▶ _Your instructions_: Retype exactly the lines of the listing below from the one with "Cono con Base" through the last, both included, and leave every picture out.
[Task data]
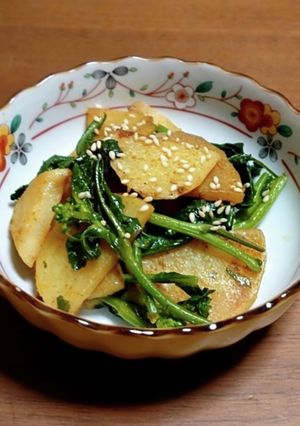 ジャガイモとのらぼう菜のカレーソテー-レシピのメイン写真
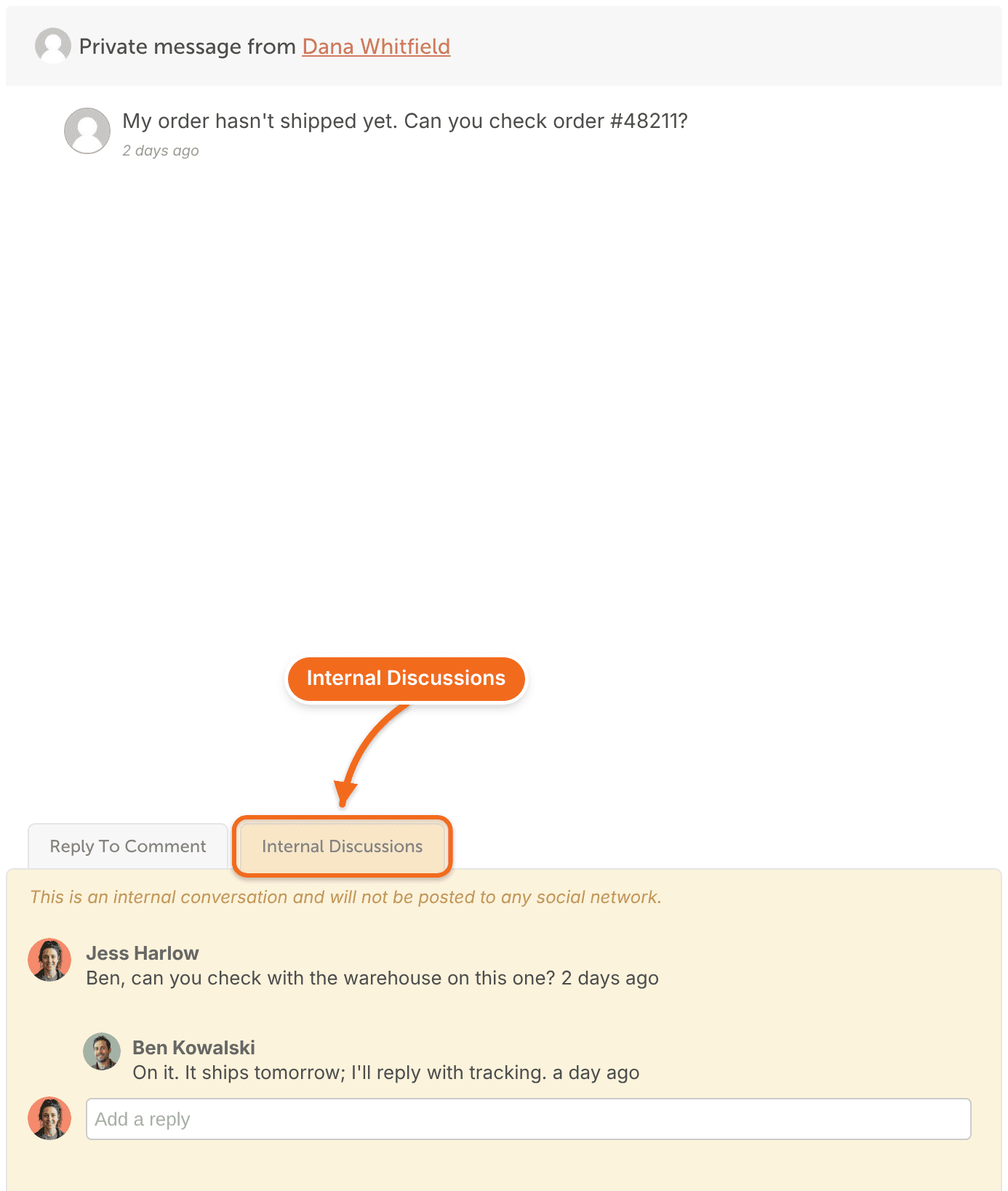 An open Social Inbox conversation with the "Internal Discussions" tab selected and a team discussion below.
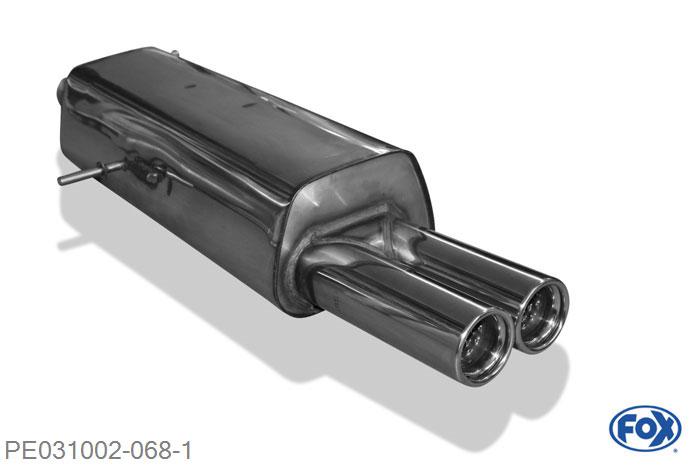 PE031002-068, Peugeot 307 1.4l 55/65kW 1.6l 80kW, Einddemper met eindstuk 2x76mm  Type 13 Geheel RVS, Absortie demper, mooie diepe sound, Teilegutachten (eintragungspflichtig)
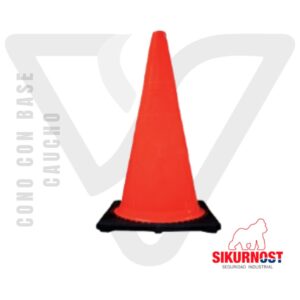 Cono con Base Caucho / base negra protección vial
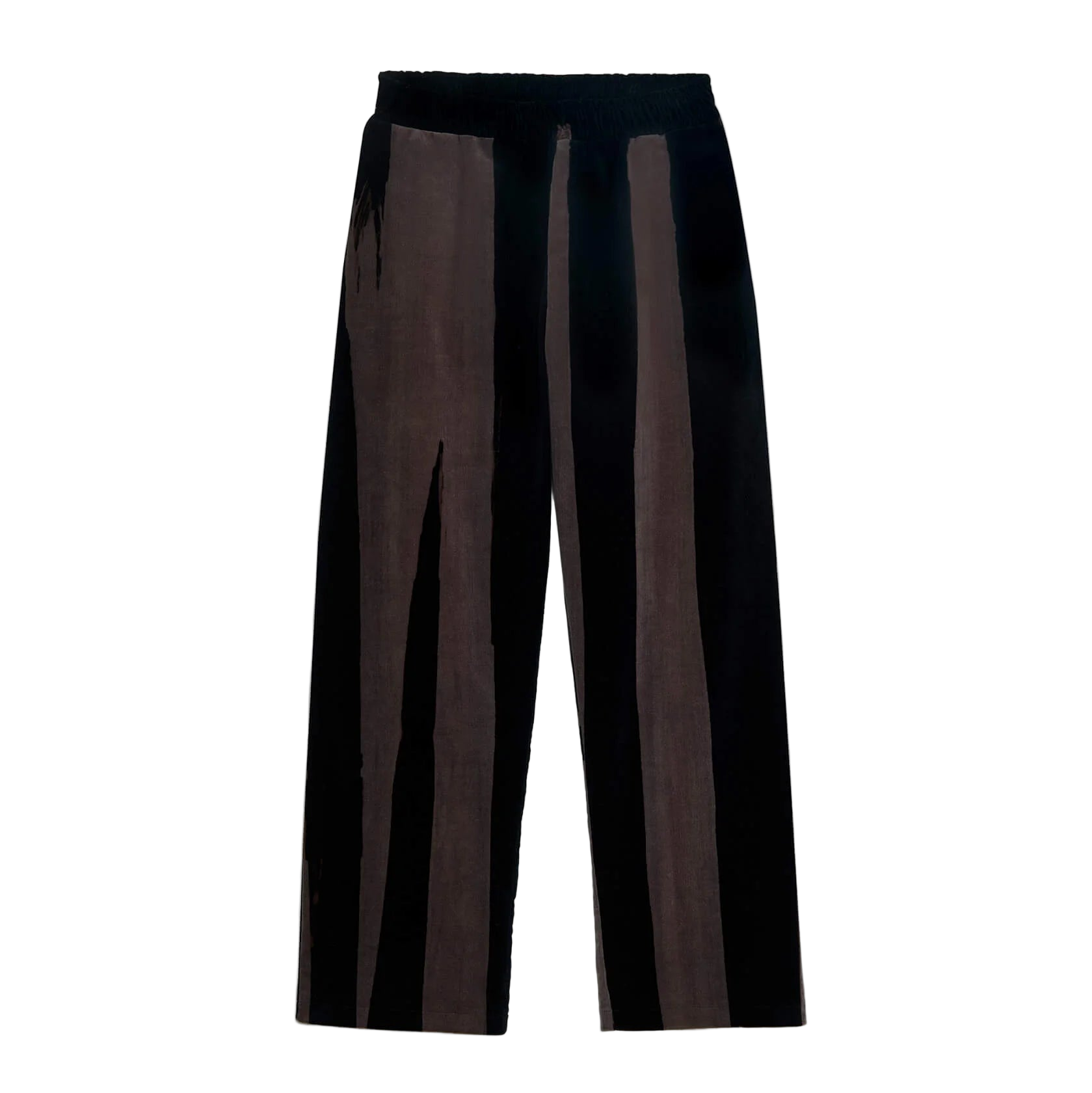 Black pants with sheer panels on a white background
[/Task data]
▶ _Output of the exercise_:
 Cono con Base Caucho / base negra protección vial
 Black pants with sheer panels on a white background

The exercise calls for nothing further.